* TASK STATEMENT *
In the listing below, the lines starting with the line with "Gouden en Zwarte" and going on through the line with "A transverse wave" are to be reproduced exactly, and only those.

* DATASET RECORDS *
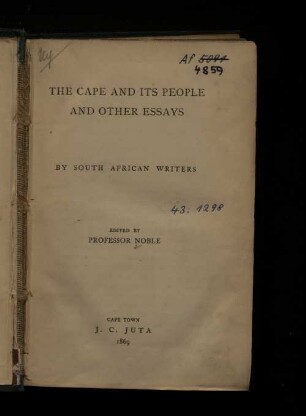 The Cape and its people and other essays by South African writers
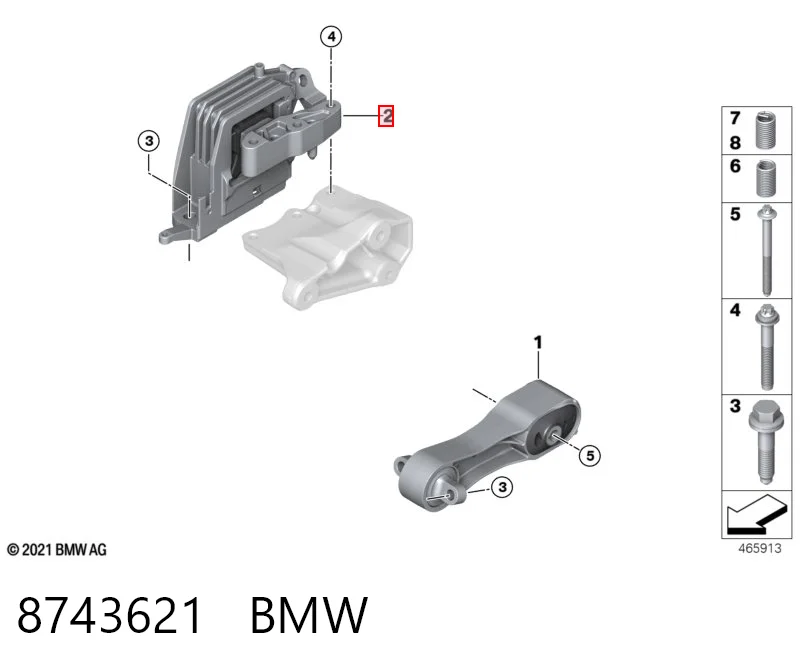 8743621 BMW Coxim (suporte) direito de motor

---

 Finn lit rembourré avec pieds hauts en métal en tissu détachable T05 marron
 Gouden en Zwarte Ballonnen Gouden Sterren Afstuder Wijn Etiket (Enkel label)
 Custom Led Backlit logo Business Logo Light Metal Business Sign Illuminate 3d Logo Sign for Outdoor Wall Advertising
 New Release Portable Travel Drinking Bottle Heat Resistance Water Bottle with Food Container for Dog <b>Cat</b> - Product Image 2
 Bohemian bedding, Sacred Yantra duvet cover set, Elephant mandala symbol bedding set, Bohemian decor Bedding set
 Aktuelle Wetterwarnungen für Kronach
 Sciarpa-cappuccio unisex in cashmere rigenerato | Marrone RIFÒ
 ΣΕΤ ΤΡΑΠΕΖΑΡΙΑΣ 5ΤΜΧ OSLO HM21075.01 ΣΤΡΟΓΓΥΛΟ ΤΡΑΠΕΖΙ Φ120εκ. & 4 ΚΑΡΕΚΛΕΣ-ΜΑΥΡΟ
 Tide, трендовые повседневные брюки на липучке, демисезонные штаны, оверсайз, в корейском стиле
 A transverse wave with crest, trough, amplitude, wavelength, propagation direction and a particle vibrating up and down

* * *

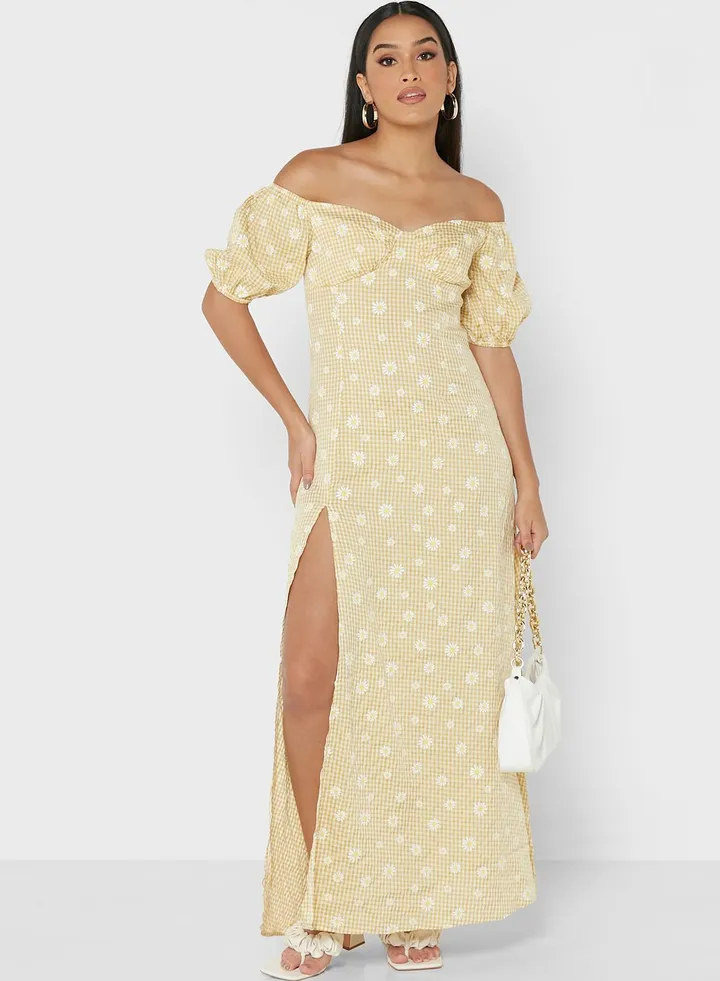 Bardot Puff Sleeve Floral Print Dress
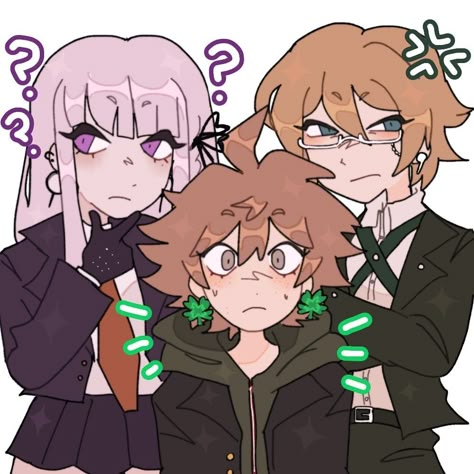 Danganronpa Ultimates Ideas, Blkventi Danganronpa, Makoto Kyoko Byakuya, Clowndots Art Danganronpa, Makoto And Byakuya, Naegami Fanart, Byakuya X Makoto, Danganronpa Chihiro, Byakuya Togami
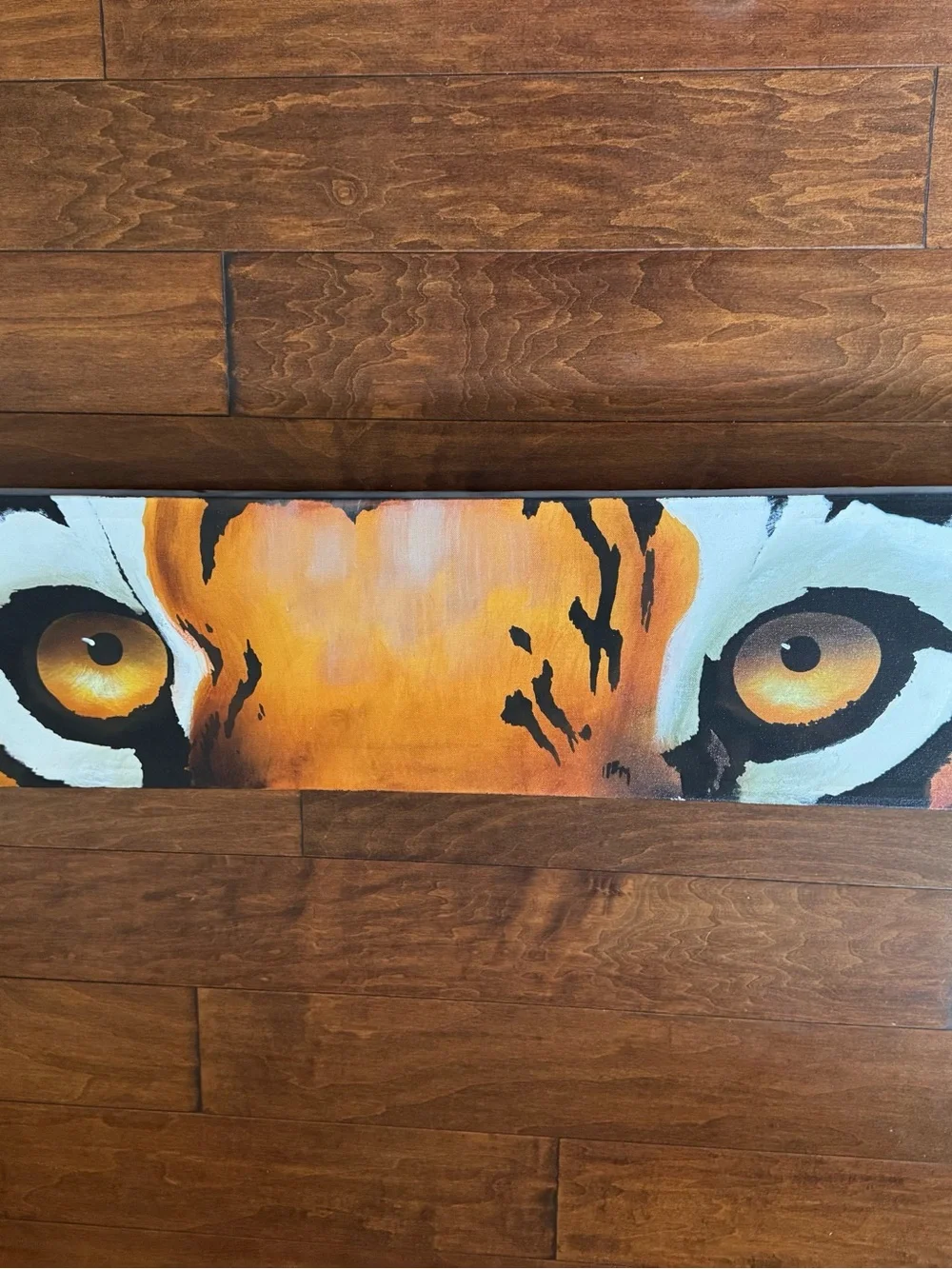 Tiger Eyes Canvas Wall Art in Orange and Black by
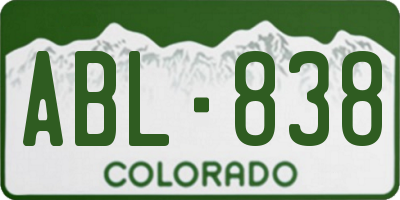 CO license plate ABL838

* WRITTEN SOLUTION *
 Gouden en Zwarte Ballonnen Gouden Sterren Afstuder Wijn Etiket (Enkel label)
 Custom Led Backlit logo Business Logo Light Metal Business Sign Illuminate 3d Logo Sign for Outdoor Wall Advertising
 New Release Portable Travel Drinking Bottle Heat Resistance Water Bottle with Food Container for Dog <b>Cat</b> - Product Image 2
 Bohemian bedding, Sacred Yantra duvet cover set, Elephant mandala symbol bedding set, Bohemian decor Bedding set
 Aktuelle Wetterwarnungen für Kronach
 Sciarpa-cappuccio unisex in cashmere rigenerato | Marrone RIFÒ
 ΣΕΤ ΤΡΑΠΕΖΑΡΙΑΣ 5ΤΜΧ OSLO HM21075.01 ΣΤΡΟΓΓΥΛΟ ΤΡΑΠΕΖΙ Φ120εκ. & 4 ΚΑΡΕΚΛΕΣ-ΜΑΥΡΟ
 Tide, трендовые повседневные брюки на липучке, демисезонные штаны, оверсайз, в корейском стиле
 A transverse wave with crest, trough, amplitude, wavelength, propagation direction and a particle vibrating up and down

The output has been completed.